Then running it in the venv:
!my_env/bin/python translate_model.py


Step 7 - Optimizing script:

with open("optimize_model.py", "w") as f:
    f.write("""
import os
from hailo_sdk_client import ClientRunner

# Define your model's HAR file name
model_name = "paddleOCR_renamed"
hailo_model_har_name = f"{model_name}_hailo_model.har"

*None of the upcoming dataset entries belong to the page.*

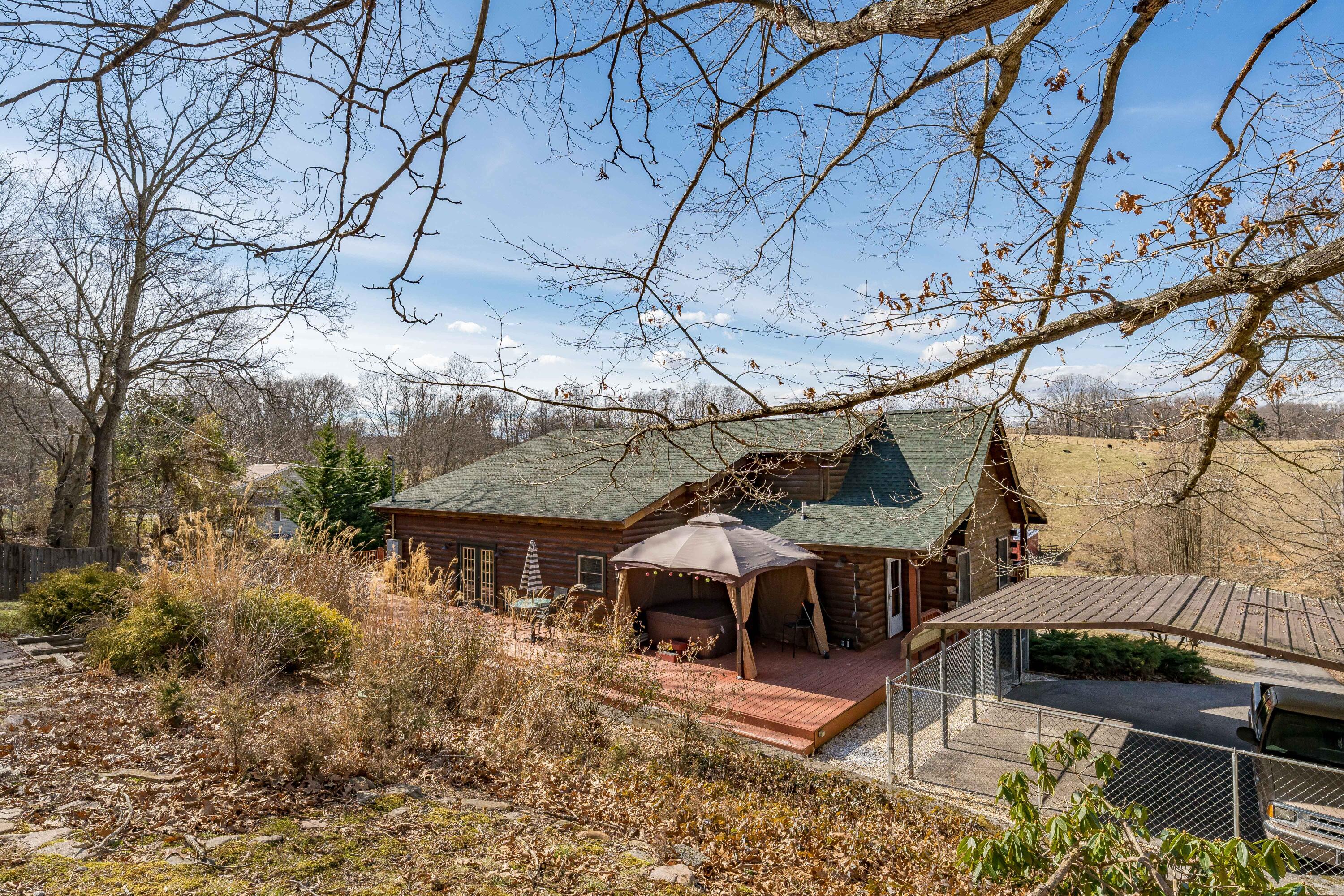 335 Claude Simmons Road Johnson City, TN 37604 - Photo 16 of 66 335 Claude Simmons Road 25 of 68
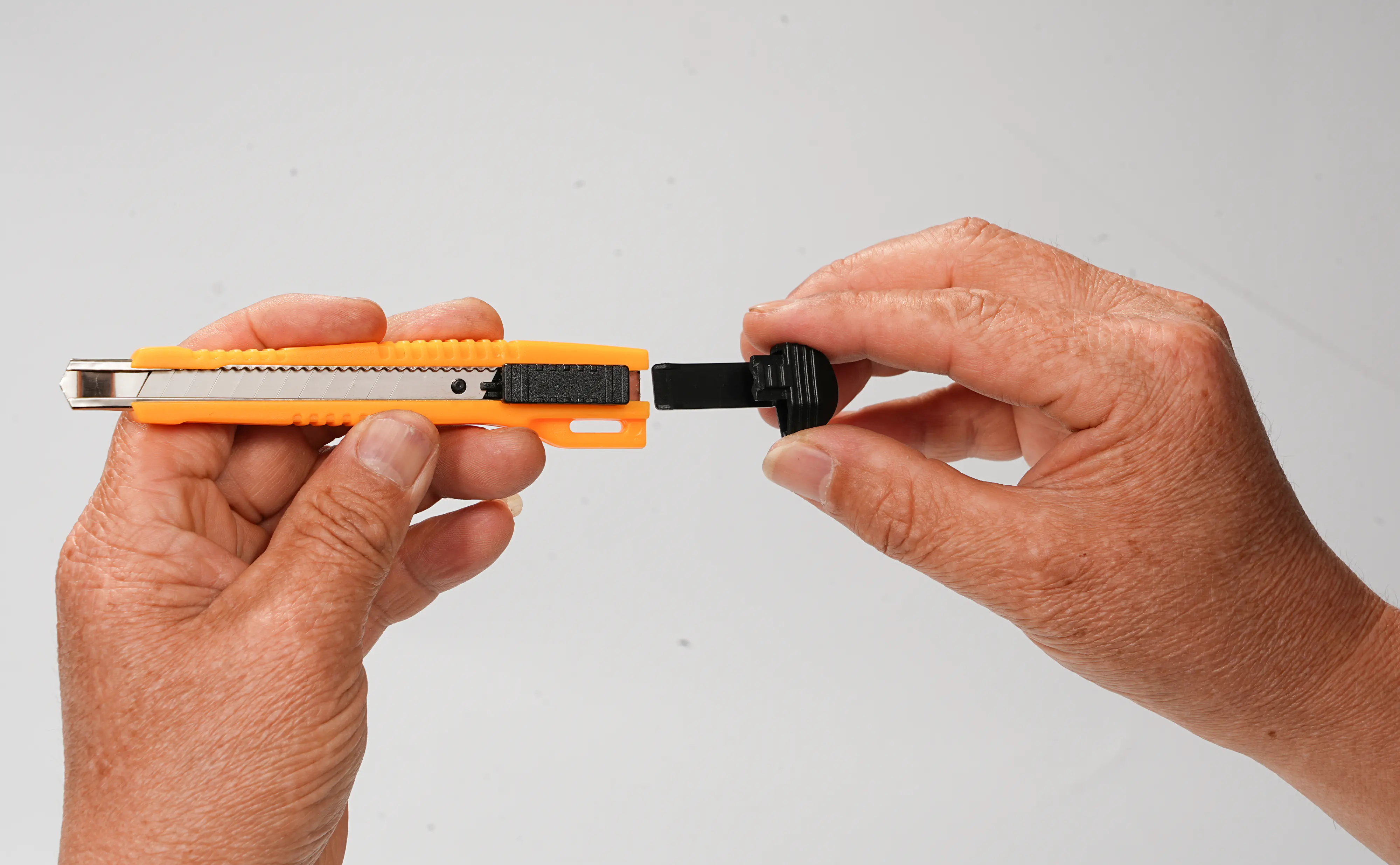 Primaster Cuttermesser 9 mm mit Auto-Lock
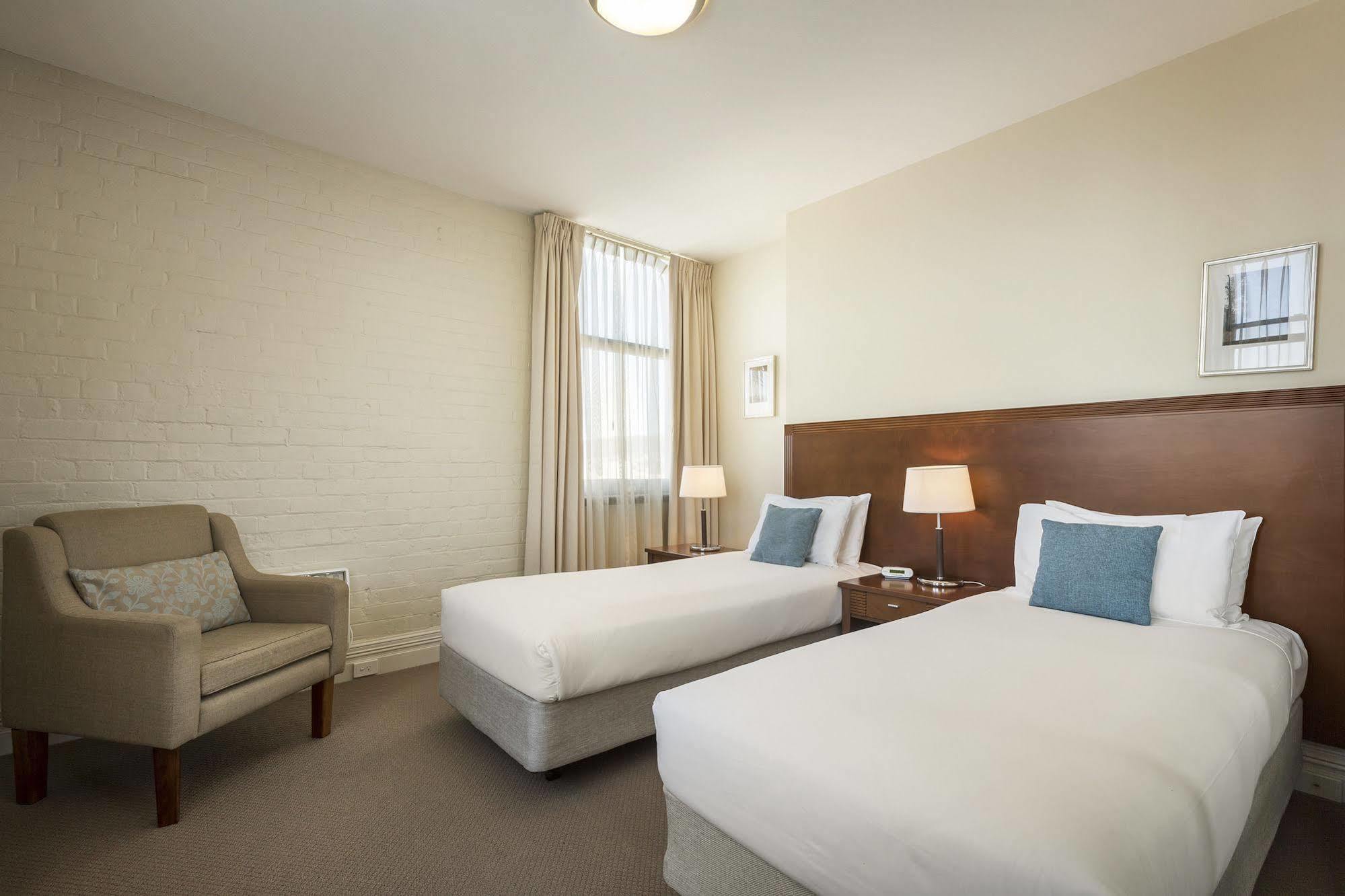 Aparthotel Official Launceston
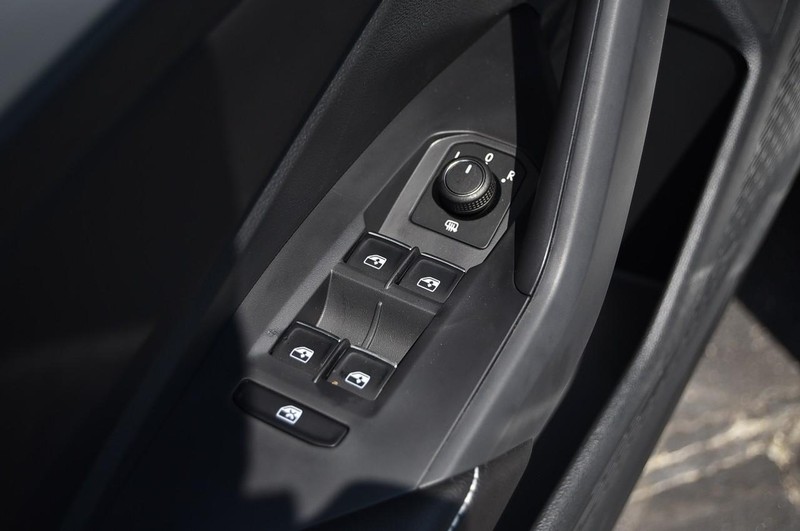 Volkswagen Jetta Vehicle Image 08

# Ensure the HAR file exists
assert os.path.isfile(hailo_model_har_name), "Please provide a valid path for the HAR file"

# Initialize the ClientRunner with the HAR file
runner = ClientRunner(har=hailo_model_har_name)

# Define the model script to reduce global average pooling spatial dimensions
model_script = \"\"\"
normalization = normalization([0.0, 0.0, 0.0], [255.0, 255.0, 255.0])
pre_quantization_optimization(global_avgpool_reduction, layers=avgpool1, division_factors=[2, 2])
pre_quantization_optimization(global_avgpool_reduction, layers=avgpool2, division_factors=[2, 2])
pre_quantization_optimization(global_avgpool_reduction, layers=avgpool9, division_factors=[2, 2])
pre_quantization_optimization(global_avgpool_reduction, layers=avgpool10, division_factors=[4, 4])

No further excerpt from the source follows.